WORK TASK: The answer should be an exact repeat of the stretch of material below from the line containing "messages. (WTOP/John Aaron)" through the line containing "Smiling woman hugging".
=== Begin Enclosure ===
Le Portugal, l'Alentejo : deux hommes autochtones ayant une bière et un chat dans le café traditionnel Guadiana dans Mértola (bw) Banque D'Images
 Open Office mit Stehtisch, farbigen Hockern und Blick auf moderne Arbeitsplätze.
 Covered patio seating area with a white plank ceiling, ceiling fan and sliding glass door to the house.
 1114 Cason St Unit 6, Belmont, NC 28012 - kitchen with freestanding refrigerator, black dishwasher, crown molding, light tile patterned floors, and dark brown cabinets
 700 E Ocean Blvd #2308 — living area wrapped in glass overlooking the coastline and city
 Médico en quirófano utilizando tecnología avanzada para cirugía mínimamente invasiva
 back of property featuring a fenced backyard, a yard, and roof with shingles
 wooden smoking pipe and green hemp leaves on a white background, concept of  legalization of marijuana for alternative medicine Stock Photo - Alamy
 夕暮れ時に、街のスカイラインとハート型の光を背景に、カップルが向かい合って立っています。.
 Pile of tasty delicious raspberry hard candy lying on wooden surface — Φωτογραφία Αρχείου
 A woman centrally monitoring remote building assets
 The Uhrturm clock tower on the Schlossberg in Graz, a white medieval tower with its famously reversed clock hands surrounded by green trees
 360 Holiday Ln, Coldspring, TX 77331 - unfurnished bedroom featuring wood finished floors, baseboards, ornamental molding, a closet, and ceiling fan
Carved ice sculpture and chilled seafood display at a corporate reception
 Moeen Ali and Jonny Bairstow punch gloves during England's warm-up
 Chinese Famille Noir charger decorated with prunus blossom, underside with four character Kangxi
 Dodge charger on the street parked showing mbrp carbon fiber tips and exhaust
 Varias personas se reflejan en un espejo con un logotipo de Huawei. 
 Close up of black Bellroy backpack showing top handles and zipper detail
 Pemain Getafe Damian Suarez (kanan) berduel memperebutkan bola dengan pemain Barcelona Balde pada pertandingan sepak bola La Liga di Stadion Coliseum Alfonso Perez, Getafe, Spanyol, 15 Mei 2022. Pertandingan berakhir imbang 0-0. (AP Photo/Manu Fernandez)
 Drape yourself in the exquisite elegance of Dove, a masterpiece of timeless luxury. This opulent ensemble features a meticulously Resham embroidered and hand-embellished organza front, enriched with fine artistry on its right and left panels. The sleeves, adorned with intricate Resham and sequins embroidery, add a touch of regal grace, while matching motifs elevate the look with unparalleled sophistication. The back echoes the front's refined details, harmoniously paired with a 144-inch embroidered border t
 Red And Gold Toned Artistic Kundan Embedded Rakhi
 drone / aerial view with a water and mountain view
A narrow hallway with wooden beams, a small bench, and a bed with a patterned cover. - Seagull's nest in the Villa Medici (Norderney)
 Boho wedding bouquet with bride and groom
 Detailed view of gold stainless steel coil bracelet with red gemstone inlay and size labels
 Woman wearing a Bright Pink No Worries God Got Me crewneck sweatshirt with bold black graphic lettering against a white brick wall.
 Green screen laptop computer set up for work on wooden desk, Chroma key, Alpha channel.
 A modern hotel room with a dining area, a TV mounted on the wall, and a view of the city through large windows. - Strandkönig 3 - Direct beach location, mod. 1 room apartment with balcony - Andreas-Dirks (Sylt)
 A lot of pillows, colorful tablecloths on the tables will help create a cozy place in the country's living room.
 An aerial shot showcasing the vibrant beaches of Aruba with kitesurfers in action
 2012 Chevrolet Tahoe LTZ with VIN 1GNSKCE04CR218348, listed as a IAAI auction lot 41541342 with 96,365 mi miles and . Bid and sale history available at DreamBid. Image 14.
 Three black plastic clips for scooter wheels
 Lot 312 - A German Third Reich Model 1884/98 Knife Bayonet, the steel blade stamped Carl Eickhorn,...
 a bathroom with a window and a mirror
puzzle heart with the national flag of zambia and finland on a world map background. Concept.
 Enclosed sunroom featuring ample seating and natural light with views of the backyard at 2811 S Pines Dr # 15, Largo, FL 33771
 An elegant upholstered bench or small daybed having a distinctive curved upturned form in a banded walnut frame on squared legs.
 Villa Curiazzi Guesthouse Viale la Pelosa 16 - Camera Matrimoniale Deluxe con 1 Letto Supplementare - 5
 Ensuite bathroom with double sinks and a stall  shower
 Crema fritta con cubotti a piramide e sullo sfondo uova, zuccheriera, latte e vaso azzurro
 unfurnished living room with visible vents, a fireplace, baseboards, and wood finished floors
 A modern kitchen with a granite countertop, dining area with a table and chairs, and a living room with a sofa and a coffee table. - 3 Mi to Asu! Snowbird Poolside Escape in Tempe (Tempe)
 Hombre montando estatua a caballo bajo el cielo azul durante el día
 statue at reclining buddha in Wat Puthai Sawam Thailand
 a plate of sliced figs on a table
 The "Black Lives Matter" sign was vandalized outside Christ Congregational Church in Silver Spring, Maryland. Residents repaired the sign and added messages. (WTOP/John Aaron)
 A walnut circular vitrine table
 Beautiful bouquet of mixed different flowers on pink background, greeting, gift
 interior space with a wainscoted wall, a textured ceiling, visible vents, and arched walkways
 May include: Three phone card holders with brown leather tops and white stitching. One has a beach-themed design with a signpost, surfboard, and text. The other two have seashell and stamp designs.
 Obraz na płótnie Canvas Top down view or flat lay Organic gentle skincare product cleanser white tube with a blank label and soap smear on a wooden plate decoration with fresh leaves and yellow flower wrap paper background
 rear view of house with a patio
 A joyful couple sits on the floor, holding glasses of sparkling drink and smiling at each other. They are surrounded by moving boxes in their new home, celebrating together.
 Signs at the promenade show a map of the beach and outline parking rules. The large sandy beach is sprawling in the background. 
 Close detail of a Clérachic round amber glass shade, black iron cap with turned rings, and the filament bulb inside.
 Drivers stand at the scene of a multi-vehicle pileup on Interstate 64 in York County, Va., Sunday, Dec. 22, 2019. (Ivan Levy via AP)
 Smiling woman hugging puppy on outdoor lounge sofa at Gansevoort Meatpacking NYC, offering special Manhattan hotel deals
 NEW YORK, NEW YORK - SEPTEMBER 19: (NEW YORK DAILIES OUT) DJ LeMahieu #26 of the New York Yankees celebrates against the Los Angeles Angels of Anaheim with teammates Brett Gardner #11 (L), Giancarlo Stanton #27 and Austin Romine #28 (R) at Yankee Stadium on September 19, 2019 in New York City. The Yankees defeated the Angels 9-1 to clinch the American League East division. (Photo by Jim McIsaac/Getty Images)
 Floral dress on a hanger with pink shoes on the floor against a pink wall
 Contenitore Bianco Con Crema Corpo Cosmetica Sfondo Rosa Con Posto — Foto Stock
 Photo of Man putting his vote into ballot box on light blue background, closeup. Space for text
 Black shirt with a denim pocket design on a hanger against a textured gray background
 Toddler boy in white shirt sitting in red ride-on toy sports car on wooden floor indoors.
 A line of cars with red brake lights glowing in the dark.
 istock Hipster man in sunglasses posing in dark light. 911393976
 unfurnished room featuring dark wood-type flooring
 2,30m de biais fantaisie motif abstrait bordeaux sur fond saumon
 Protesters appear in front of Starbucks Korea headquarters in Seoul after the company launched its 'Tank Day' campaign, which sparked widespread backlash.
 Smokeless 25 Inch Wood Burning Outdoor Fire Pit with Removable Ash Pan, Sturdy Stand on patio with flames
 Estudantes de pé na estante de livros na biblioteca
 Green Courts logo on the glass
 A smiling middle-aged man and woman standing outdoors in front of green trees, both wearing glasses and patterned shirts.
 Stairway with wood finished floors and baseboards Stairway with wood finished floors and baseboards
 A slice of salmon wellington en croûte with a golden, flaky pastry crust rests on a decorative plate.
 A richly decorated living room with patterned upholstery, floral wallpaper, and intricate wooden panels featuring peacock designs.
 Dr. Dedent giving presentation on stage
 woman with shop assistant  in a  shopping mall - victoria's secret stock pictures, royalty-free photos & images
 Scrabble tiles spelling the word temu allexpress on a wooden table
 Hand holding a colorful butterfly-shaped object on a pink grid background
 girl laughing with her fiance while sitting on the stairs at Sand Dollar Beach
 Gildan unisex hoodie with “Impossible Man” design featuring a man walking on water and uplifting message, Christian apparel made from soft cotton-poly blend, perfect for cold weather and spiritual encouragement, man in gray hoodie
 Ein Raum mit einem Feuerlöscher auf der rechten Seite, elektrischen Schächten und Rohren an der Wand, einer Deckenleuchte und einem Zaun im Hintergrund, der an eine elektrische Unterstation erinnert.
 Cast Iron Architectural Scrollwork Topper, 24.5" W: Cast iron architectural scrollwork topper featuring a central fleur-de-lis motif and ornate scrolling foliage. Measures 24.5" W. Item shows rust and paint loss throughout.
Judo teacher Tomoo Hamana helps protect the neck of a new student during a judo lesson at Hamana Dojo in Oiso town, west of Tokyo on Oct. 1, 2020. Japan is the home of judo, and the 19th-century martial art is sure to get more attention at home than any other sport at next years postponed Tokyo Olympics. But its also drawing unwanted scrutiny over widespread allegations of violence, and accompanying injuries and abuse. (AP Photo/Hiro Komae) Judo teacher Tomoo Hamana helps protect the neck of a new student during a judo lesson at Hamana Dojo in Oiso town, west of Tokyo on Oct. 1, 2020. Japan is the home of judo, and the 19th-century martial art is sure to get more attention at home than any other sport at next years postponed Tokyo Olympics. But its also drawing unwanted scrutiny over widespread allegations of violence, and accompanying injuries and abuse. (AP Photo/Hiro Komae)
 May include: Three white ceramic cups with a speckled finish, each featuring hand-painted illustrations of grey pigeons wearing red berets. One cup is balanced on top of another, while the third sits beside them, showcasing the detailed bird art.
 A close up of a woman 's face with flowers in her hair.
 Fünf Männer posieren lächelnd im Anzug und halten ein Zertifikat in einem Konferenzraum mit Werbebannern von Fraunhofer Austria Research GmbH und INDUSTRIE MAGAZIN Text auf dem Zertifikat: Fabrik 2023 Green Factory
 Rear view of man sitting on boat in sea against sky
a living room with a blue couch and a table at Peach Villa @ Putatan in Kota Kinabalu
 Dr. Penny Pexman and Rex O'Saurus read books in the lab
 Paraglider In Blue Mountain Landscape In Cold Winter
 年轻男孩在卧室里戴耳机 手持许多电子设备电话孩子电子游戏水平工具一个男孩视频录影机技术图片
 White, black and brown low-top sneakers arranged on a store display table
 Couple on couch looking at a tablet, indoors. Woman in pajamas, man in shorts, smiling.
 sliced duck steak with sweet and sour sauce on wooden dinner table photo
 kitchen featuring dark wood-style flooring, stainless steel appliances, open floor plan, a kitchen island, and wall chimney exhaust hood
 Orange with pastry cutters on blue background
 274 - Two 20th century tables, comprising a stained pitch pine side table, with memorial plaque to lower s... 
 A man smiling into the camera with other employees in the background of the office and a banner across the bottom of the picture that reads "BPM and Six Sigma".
=== End Enclosure ===
WRITTEN ANSWER:
 The "Black Lives Matter" sign was vandalized outside Christ Congregational Church in Silver Spring, Maryland. Residents repaired the sign and added messages. (WTOP/John Aaron)
 A walnut circular vitrine table
 Beautiful bouquet of mixed different flowers on pink background, greeting, gift
 interior space with a wainscoted wall, a textured ceiling, visible vents, and arched walkways
 May include: Three phone card holders with brown leather tops and white stitching. One has a beach-themed design with a signpost, surfboard, and text. The other two have seashell and stamp designs.
 Obraz na płótnie Canvas Top down view or flat lay Organic gentle skincare product cleanser white tube with a blank label and soap smear on a wooden plate decoration with fresh leaves and yellow flower wrap paper background
 rear view of house with a patio
 A joyful couple sits on the floor, holding glasses of sparkling drink and smiling at each other. They are surrounded by moving boxes in their new home, celebrating together.
 Signs at the promenade show a map of the beach and outline parking rules. The large sandy beach is sprawling in the background. 
 Close detail of a Clérachic round amber glass shade, black iron cap with turned rings, and the filament bulb inside.
 Drivers stand at the scene of a multi-vehicle pileup on Interstate 64 in York County, Va., Sunday, Dec. 22, 2019. (Ivan Levy via AP)
 Smiling woman hugging puppy on outdoor lounge sofa at Gansevoort Meatpacking NYC, offering special Manhattan hotel deals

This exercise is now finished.